* EXERCISE GOAL
Give a verbatim repeat of the lines that run from the line containing "Express Girlfriend High" to the end of the data below.

*** ENTRIES SUPPLIED Section Begins ***

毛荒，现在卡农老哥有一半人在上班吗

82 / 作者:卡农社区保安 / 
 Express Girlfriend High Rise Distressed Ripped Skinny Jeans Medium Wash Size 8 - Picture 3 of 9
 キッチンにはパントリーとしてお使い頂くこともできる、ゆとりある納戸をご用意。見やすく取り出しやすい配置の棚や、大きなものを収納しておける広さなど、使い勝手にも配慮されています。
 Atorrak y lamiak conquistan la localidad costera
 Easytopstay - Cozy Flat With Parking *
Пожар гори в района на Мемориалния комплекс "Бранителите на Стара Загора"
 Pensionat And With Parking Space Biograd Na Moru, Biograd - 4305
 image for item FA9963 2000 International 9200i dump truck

*** ENTRIES SUPPLIED Section Ends ***

* ANSWER
 Express Girlfriend High Rise Distressed Ripped Skinny Jeans Medium Wash Size 8 - Picture 3 of 9
 キッチンにはパントリーとしてお使い頂くこともできる、ゆとりある納戸をご用意。見やすく取り出しやすい配置の棚や、大きなものを収納しておける広さなど、使い勝手にも配慮されています。
 Atorrak y lamiak conquistan la localidad costera
 Easytopstay - Cozy Flat With Parking *
Пожар гори в района на Мемориалния комплекс "Бранителите на Стара Загора"
 Pensionat And With Parking Space Biograd Na Moru, Biograd - 4305
 image for item FA9963 2000 International 9200i dump truck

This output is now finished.